- **WHAT TO DO**: From the first line of the entries through the line containing "Vue latérale du", output everything exactly except the pictures.

- **RECORDED DATA**:
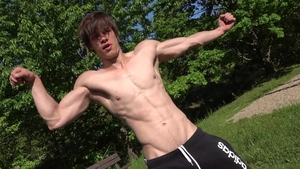 EastBoys: Athletic and cute twink goes wild on cock outdoors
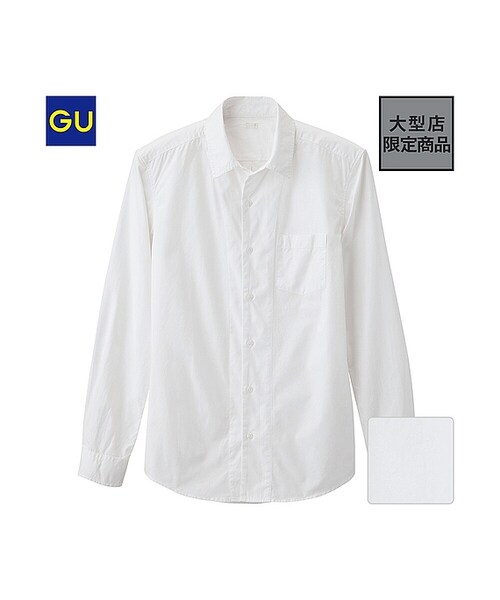 GU(ジーユー)の「(GU)タイプライター切り替えシャツ(長袖)(MEN ⁄ シャツ・メンズ・BLACK/NAVY/WHITE・S/M/L/XL)」の2枚目の写真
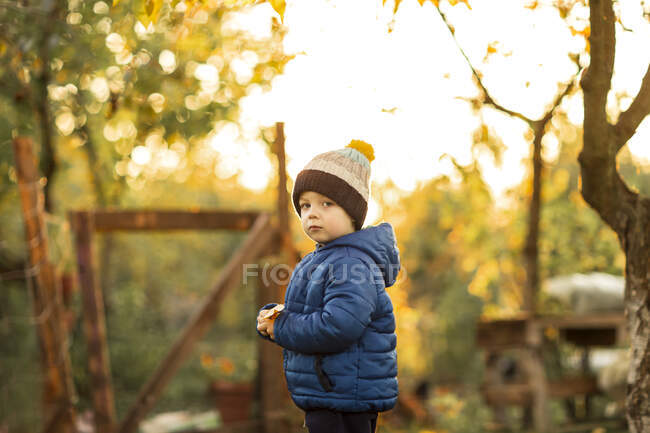 Vue latérale du garçon dans le jardin en veste bleue et chapeau d'hiver pendant — Photo de stock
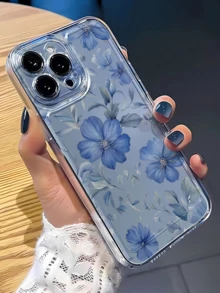 1個太空冰藍色木槿花極簡個性化TPU防震全包覆手機殼，適用於Apple 17 16 15 14 13 12 11 Pro Max Air 及系列 - 彩色 - 查看 2
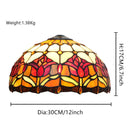 Stained Glass Tulip Flower Style Lamp Shade 12 Inch Red for Table Lamp - Axyaa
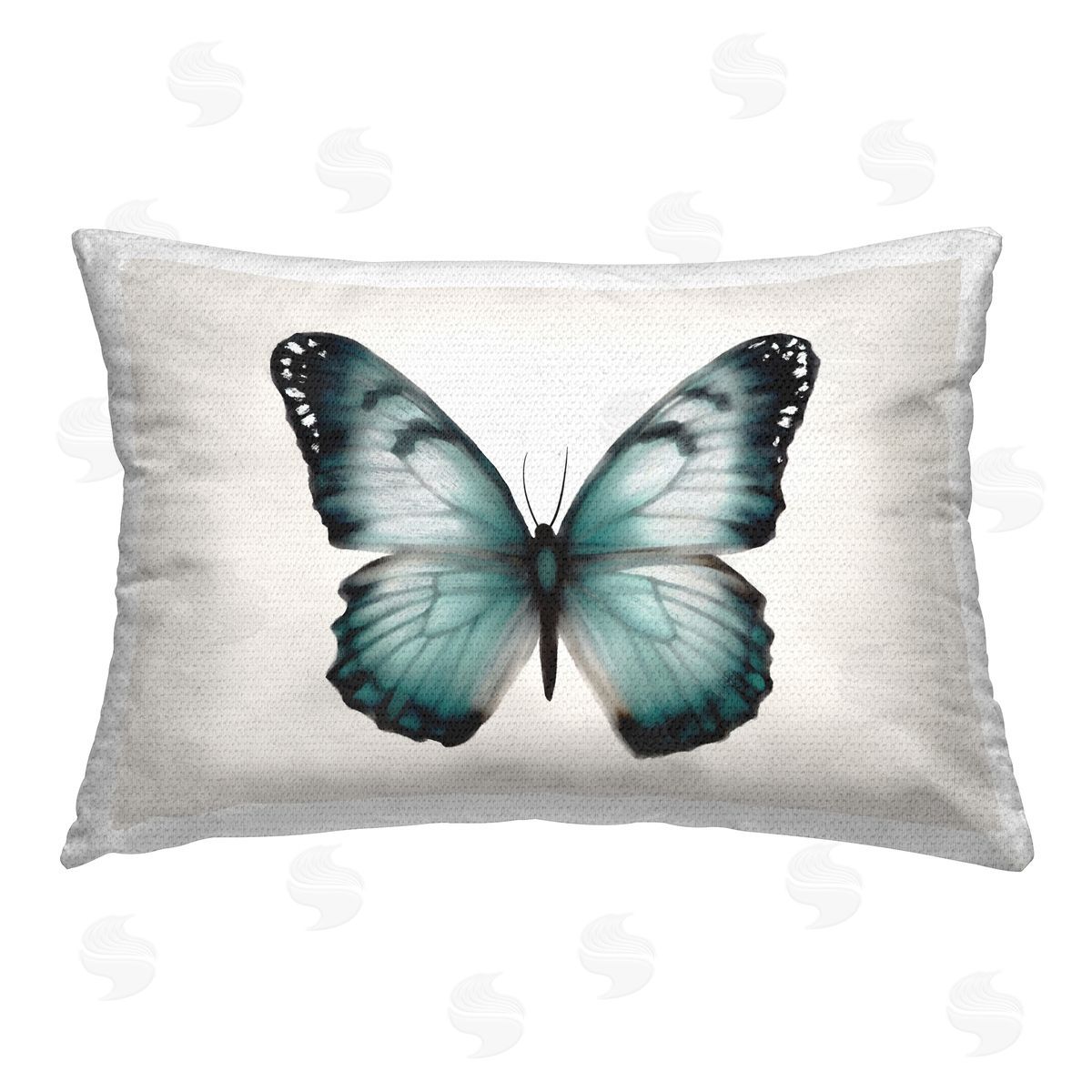 Elizabeth Medley Teal Symmetrical Butterfly Outdoor Quick-Dry Polyester Printed Throw Pillow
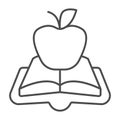 Open book green apple thin line icon, children book day concept, green apple vector sign on white background, book and Royalty Free Stock Photo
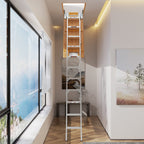 Aluminum Attic Ladder Pull Down System Attic Stairs Attic Lift 7'8 to 10'3 Ceiling 22.5 x 54 380 lbs Capacity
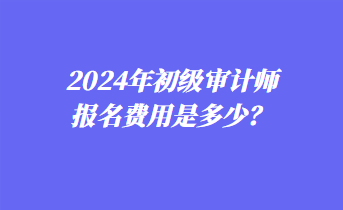 2024年初級審計(jì)師報名費(fèi)用是多少？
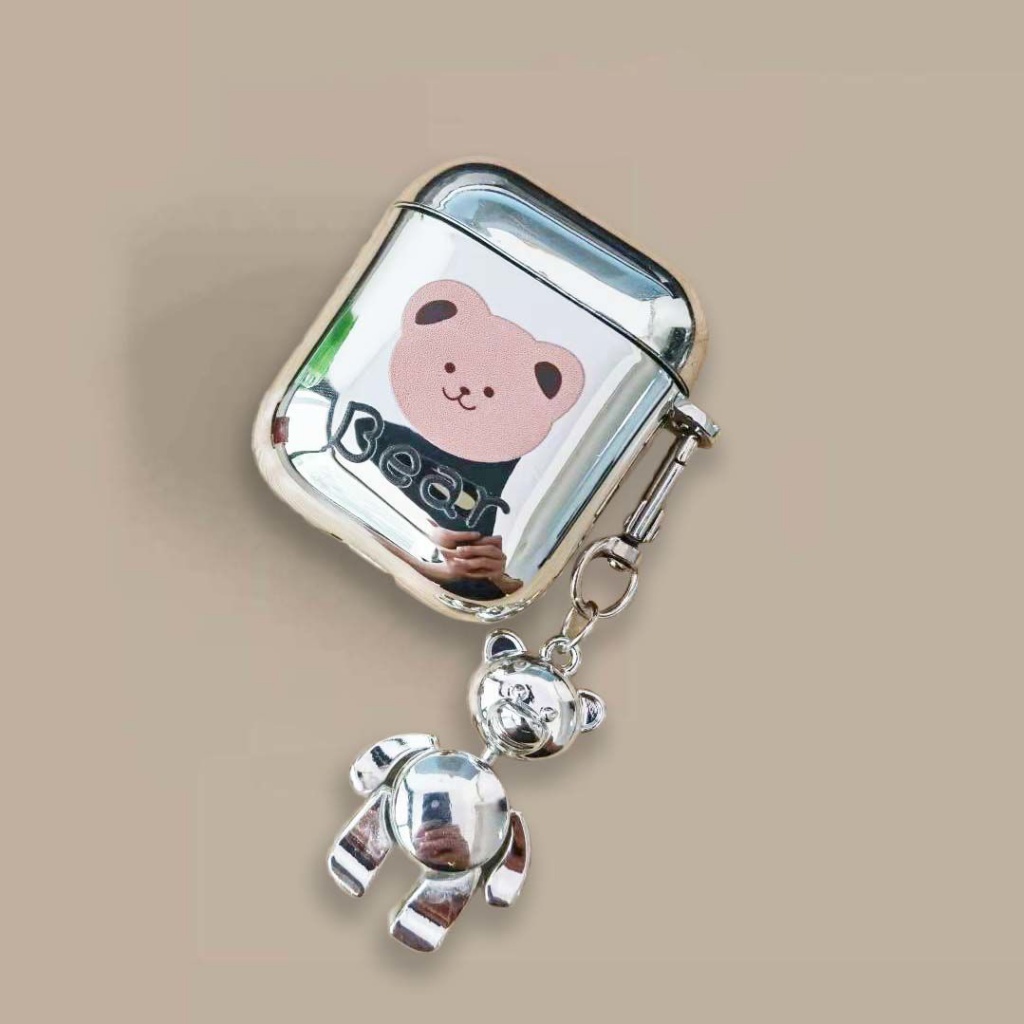 Vỏ Bảo Vệ Hộp Sạc Tai nghe không dây Airpods 1/2/Pro/3 Hình Nasa Mạ Bạc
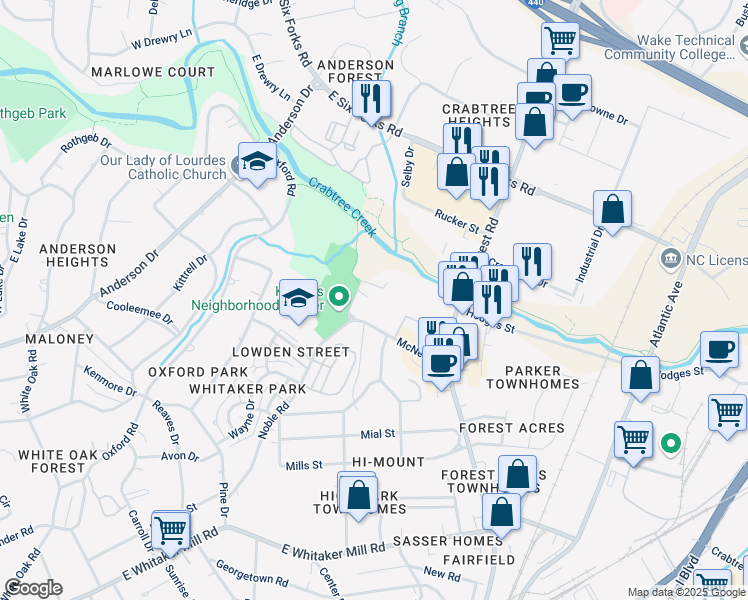 map of restaurants, bars, coffee shops, grocery stores, and more near 705 Hawes Court in Raleigh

- **SOLUTION TO THE EXERCISE**:
 EastBoys: Athletic and cute twink goes wild on cock outdoors
 GU(ジーユー)の「(GU)タイプライター切り替えシャツ(長袖)(MEN ⁄ シャツ・メンズ・BLACK/NAVY/WHITE・S/M/L/XL)」の2枚目の写真
 Vue latérale du garçon dans le jardin en veste bleue et chapeau d'hiver pendant — Photo de stock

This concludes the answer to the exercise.